A fascinating experience with Japanese acupuncture:

On Friday I ate a pear that a fellow student offered me. I don’t know why I thought it was okay, as I usually avoid anything that has starches or sugar, even natural sugars, due to my hypoglycemia. Quite soon afterward, I started feeling woozy and fatigued. Since I knew I still had a whole afternoon of classes to get through, not to mention a very busy weekend, I became very concerned. I didn’t know what I would do, I just knew I felt like shit.

Just on a whim, I decided to try this non-insertion acupuncture stuff. Toyohari focuses much more on sensitivity to qi, which is right up my alley; but a hard-science part of me is still skeptical of it. But in a pinch, I thought, why not give a shot? So I got out a 40-gauge silver needle and did a tonification technique on my right foot, at Spleen 3.

I felt qi rising up to my head, giving me a sense of “filling” it with energy. Immediately I felt lighter, my head cleared up, and even though I was still tired, I felt much more stable. I was stunned, and just sat there in amazement at the efficacy of one needle that didn’t even pierce the skin.

Good stuff.

By coincidence, this weekend happens to be a training weekend in Toyohari for me. So I’ve been learning and reviewing stuff all day.

I notice that I’m pretty good at anything having to do with qi, which makes certain aspects of this type of acupuncture ideal for me. Things other people are struggling with, such as relaxation and posture and accessing the qi at a point, are things that I can get relatively easily. So that’s nice.

On the other hand, things that other people get relatively easily, I’m having trouble with, and I notice that they all have to do with taking sensory information and interpreting them. Actual sensations and sensitivities are easy for me. Converting raw data into linguistic form and interpreting those results are difficult.

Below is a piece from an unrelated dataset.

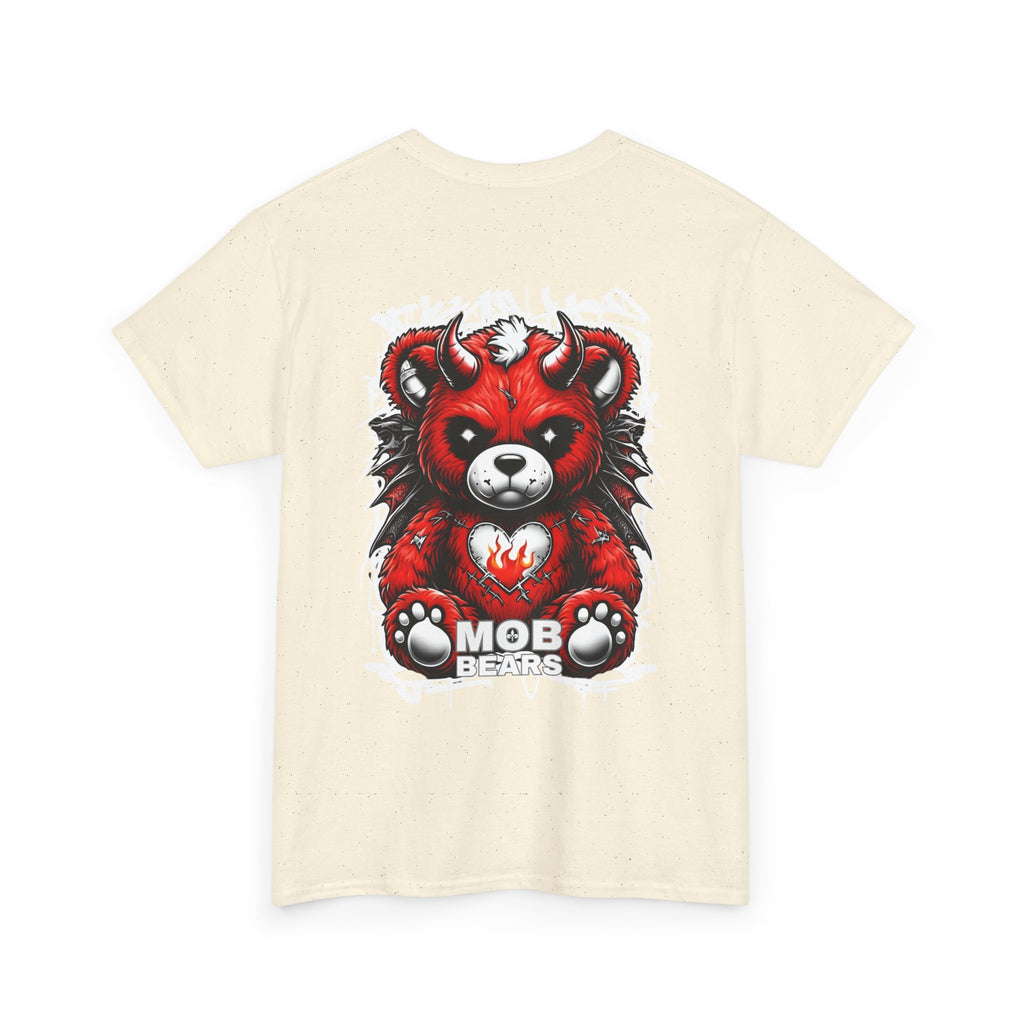 Devil MOB Bear Tee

That’s interesting, because it’s exactly the problem I have in general with self-expression, and with relating to the world and to other people, especially recently amidst these experiences of Great Mystery, where my world simply feelings completely, incoherently untranslatable. In Chinese medicine we talk about a condition called “phlegm misting the orifices of the Heart,” which is a poetic term for any state of consciousness in which one does not experience reality as it truly is. I often feel this way, “bogged down” by phlegm in my mind, when I’m attempting to put multidimensional experiences into simple words.

I wonder if this has something to do with my ability to “digest.” And this brings us full circle to the beginning of this post. Hypoglycemia, in part, is a difficulty with digesting certain types of foods. In Chinese medicine, the Spleen (also associated with the Pancreas) is one of the main organs responsible for digestion — not only digestion of food, though, but also digestion of mental and emotional experiences. It’s one of the organs that “separates the pure from the impure.” So it looks like on a physiological and a psychological level, I have problems with separating pure from impure.

This is something that could use refinement. I’ll need to adjust my practices to include some regular way of piercing through that veil over my mind.